The annual exercise that is the National Urban League’s State of Black America Report is, by far, one of the more essential yearly exercises in policy thought leadership. It’s a needed and can’t-do-without pulse checker that gives us the comprehensive helicopter flyover of the community. While some might question whether it passes the snuff test of a truly balanced, non-partisan document, it remains to be seen if there is a viable contender study in size, scope and undertaking. The League gets many nods of respect for its consistency, managing to push out what has become the authoritative autopsy on African Americans as a collective since 1976. It clearly establishes NUL as the big brother in the room. That’s heading into nearly 40 years of copious documentation pulled into a per annum bible that should sit on every Black bookshelf … if you manage to grab a copy.
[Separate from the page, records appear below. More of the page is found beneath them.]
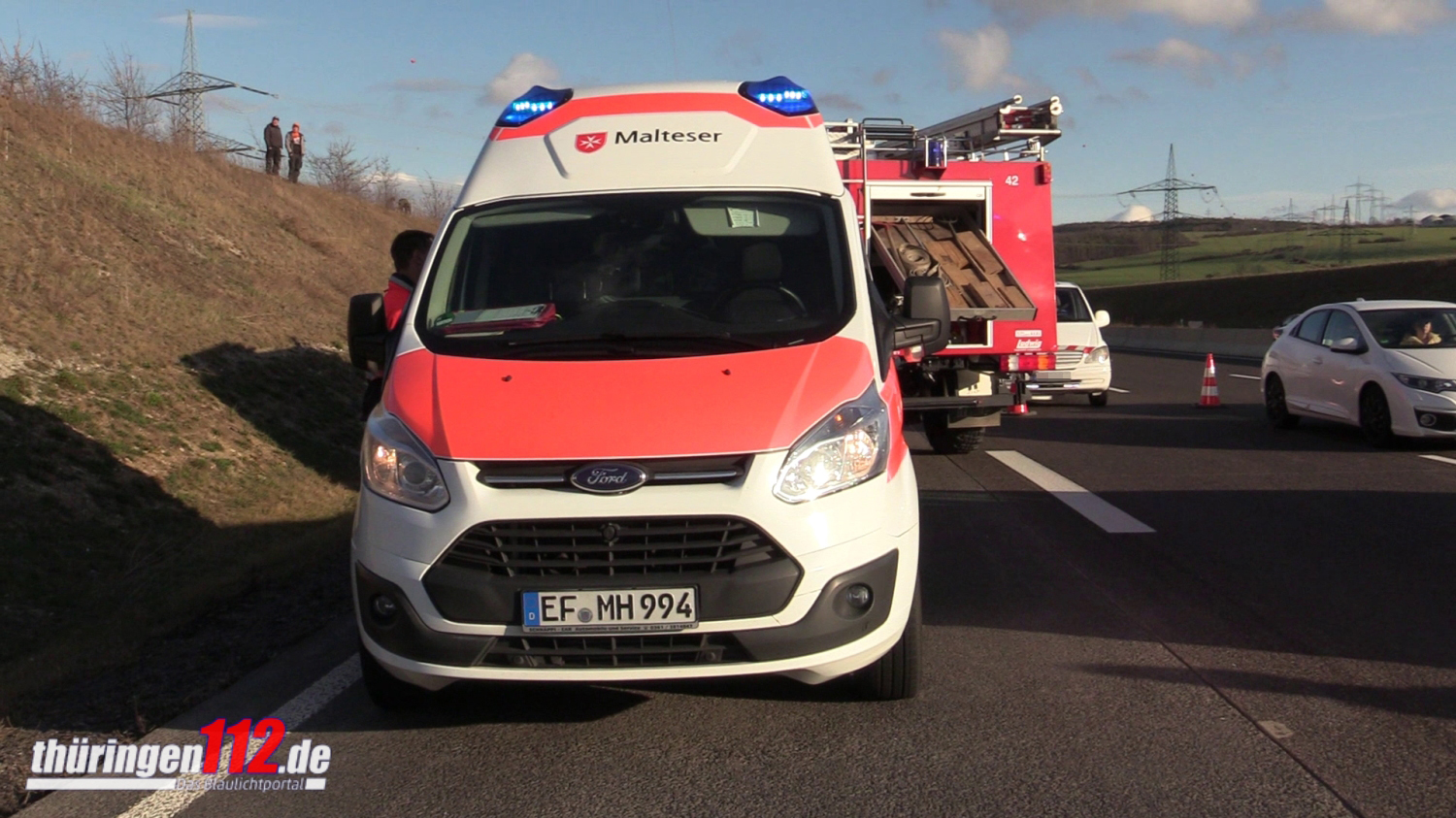 20190308-Magdala-Auto überschlagen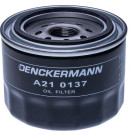DENCKERMANN Ölfilter A210137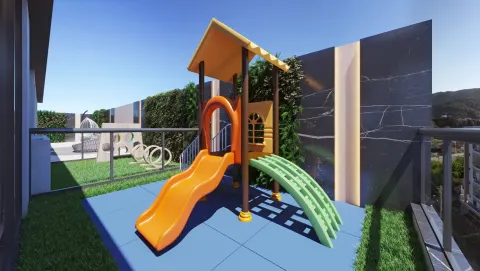 Doral Apartaments em Bombinhas (foto 6)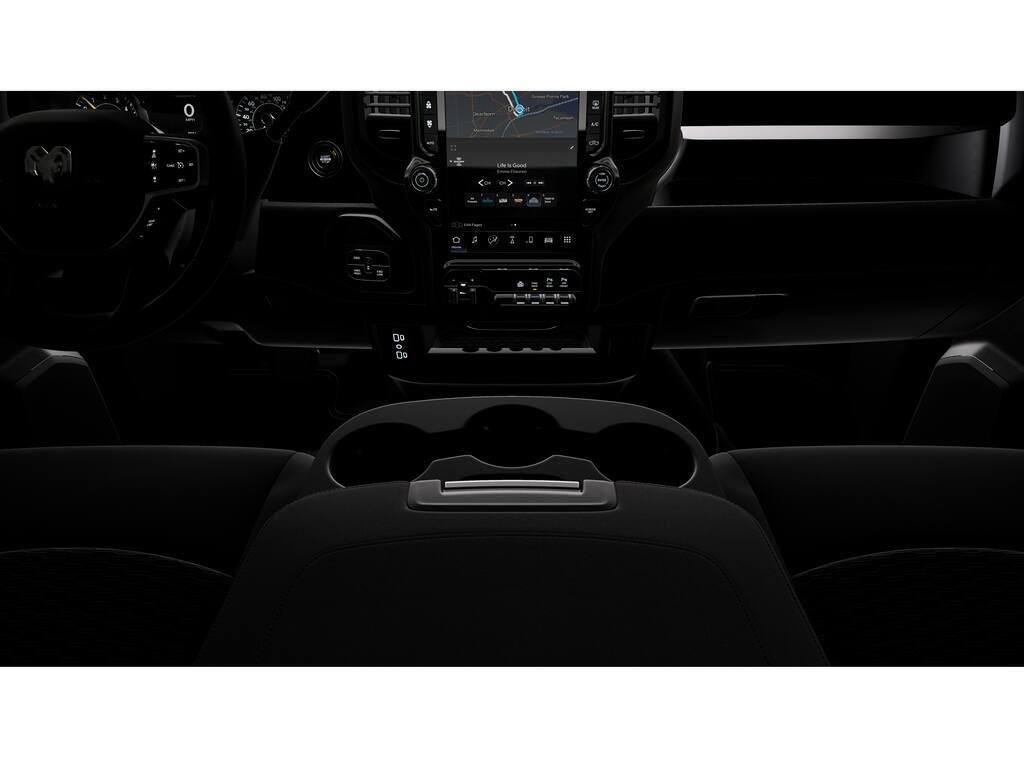 new 2026 Ram 3500 car, priced at $73,133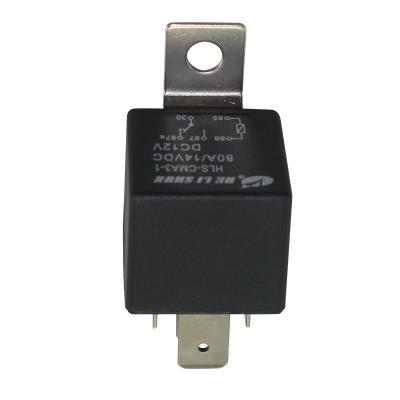 Automotive Power Relay CMA3-1 ZETTLER AZ979/980 SPDT 80A 29*29*26.5mm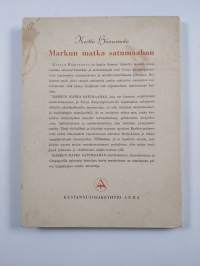 Markun matka satumaahan : seikkailusatu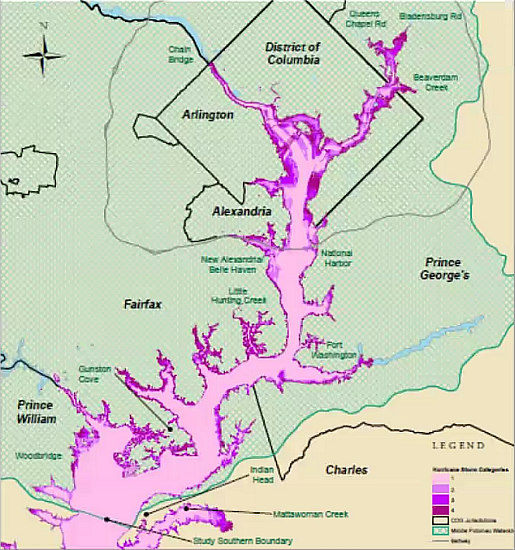 Is DC Prepared For a 500-Year Storm?: Figure 4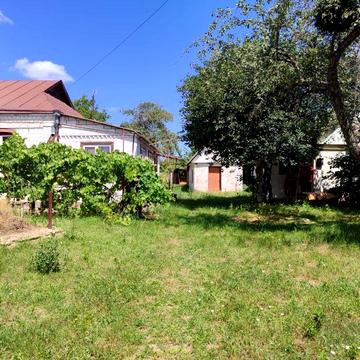 Будинок з землею 65 соток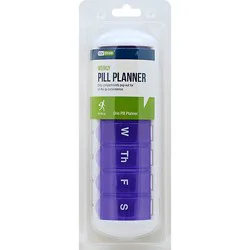 7-Day Travel Pods - Each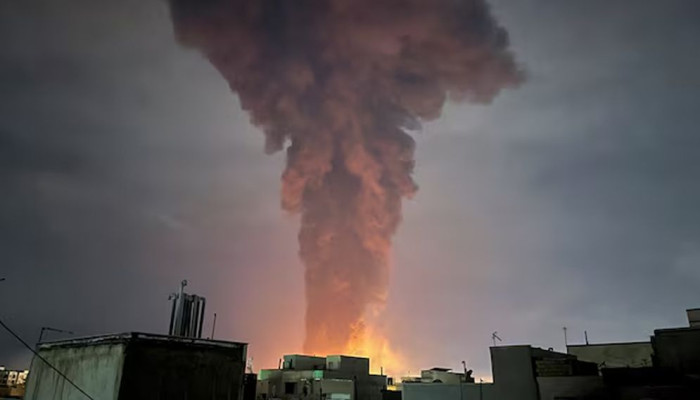 ইরানের সঙ্গে যুদ্ধে প্রায় ১৫০ মার্কিন সেনা আহতের দাবি রয়টার্সের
Yet, its biggest problem is not so much esoteric hair-splitting over agenda suspicions (many Black conservatives constantly grouse and moan over being left out), but the way in which it is largely ignored or glossed over by mainstream conversation. It may get respectable, somewhat obligatory play through a multitude of Black press channels – which is, of course, what they’re supposed to do or risk the sting of a head slap from a grandparent. But it will barely make the headline of the day or week on the front pages or sites of large go-to international publications. That is, frankly, quite sad and – dare we venture – despicable: it’s nothing more than willful, garish ignorance of what’s happening with 15 percent of the population (because Black folks are woefully undercounted in the Census).
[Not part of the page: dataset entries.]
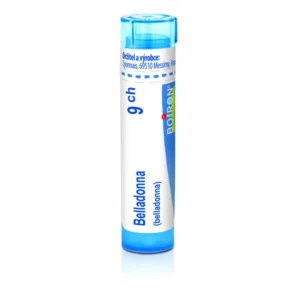 Boiron Belladonna 9CH gr. 4g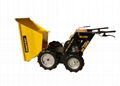 Mini Dumper / Power Barrow / Garden Loader 3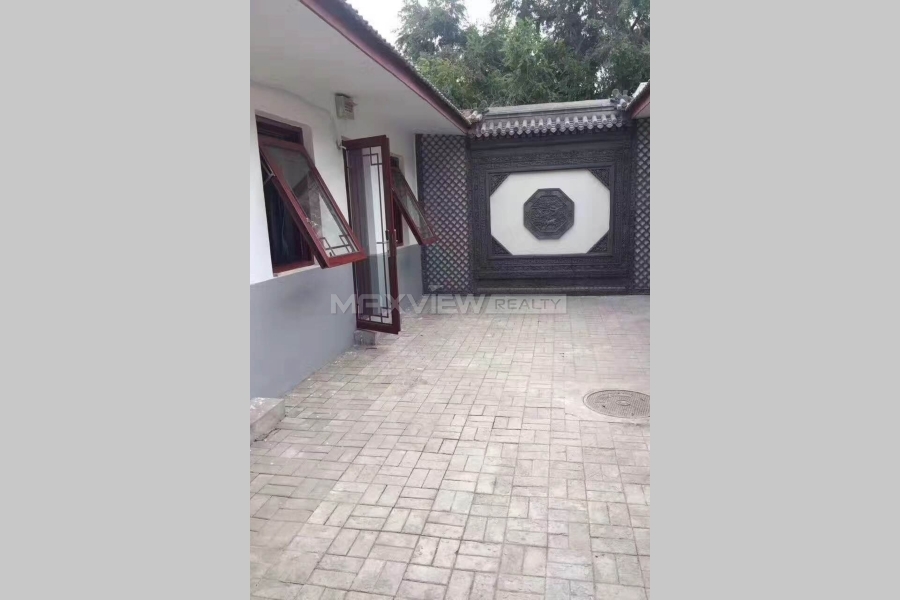 House for rent in Beijing South Luogu Lane  6bedroom 200sqm ¥40,000 BJ0002806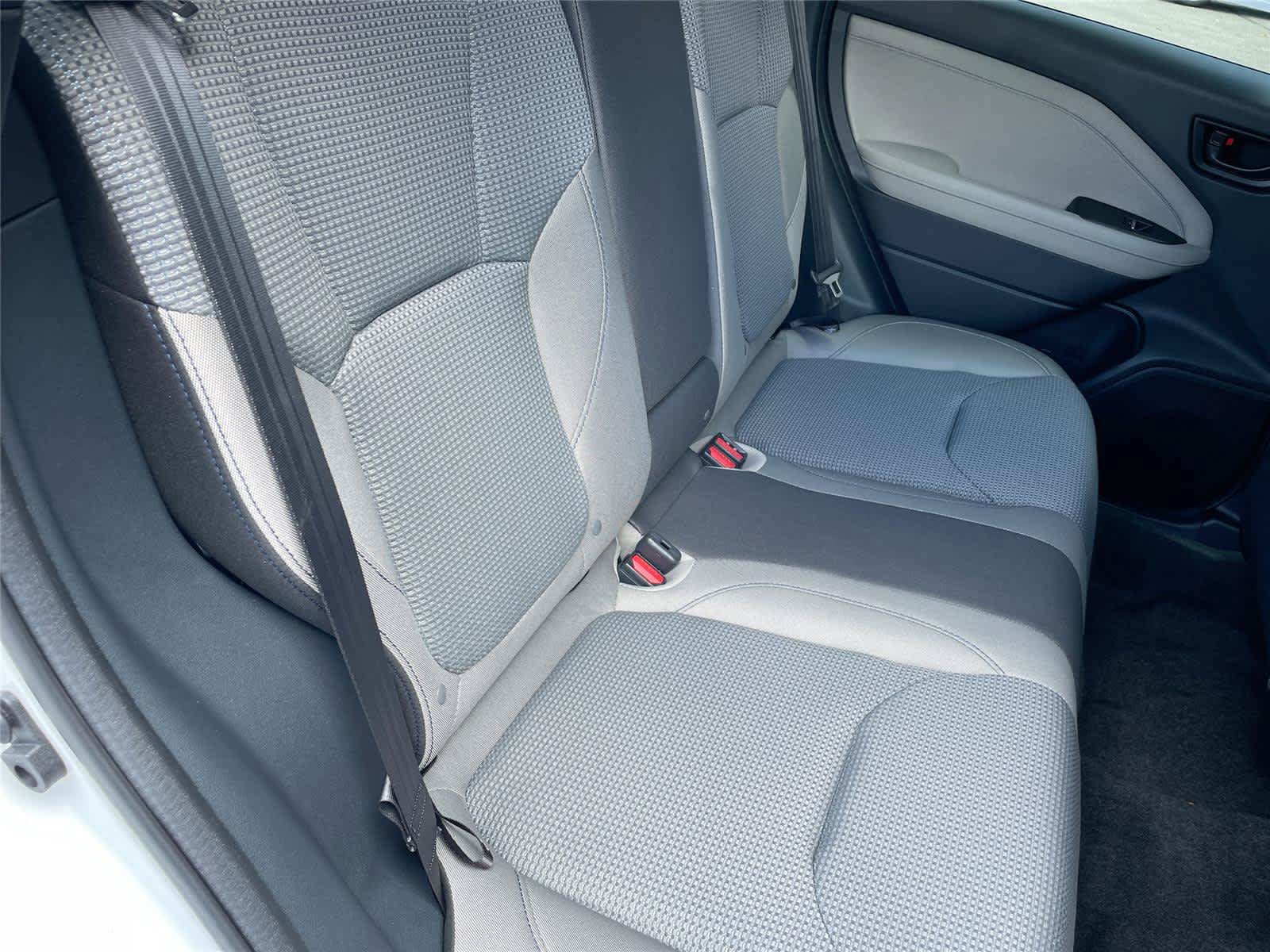 New 2026 Subaru Forester Premium AWD/4WD image 17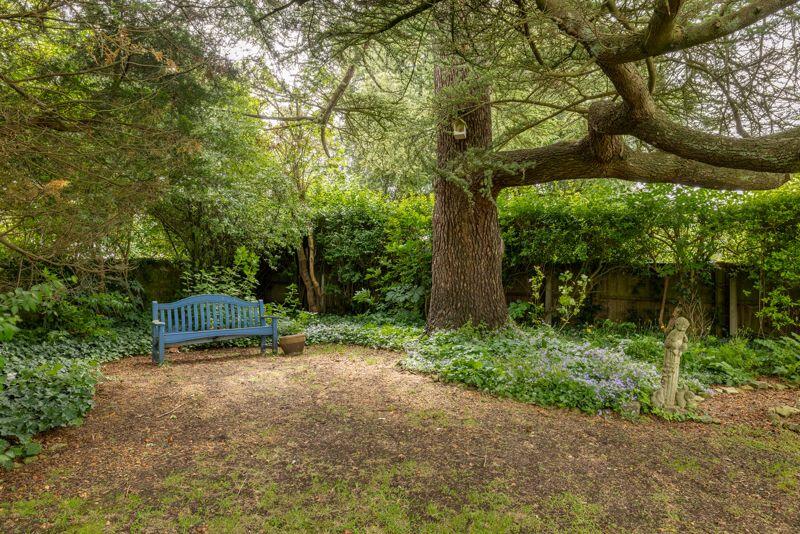 Additional image 17 of Detached bungalow in an exclusive setting just outside Wells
Perhaps if the rest of the world were to pay attention to the SOBA – as it’s been affectionately abbreviated in recent years – there’d be better understanding when tragedies occur. Which is the point of the report: a sort of courtesy aimed to preempt any feelings of betrayal or ambush. An axiomatic ‘We told you so’ as a way to forewarn the rest that something is on the horizon. It’s typically a very serious and sometimes unbearably ominous data dump of grim, but it does its job for those who read it.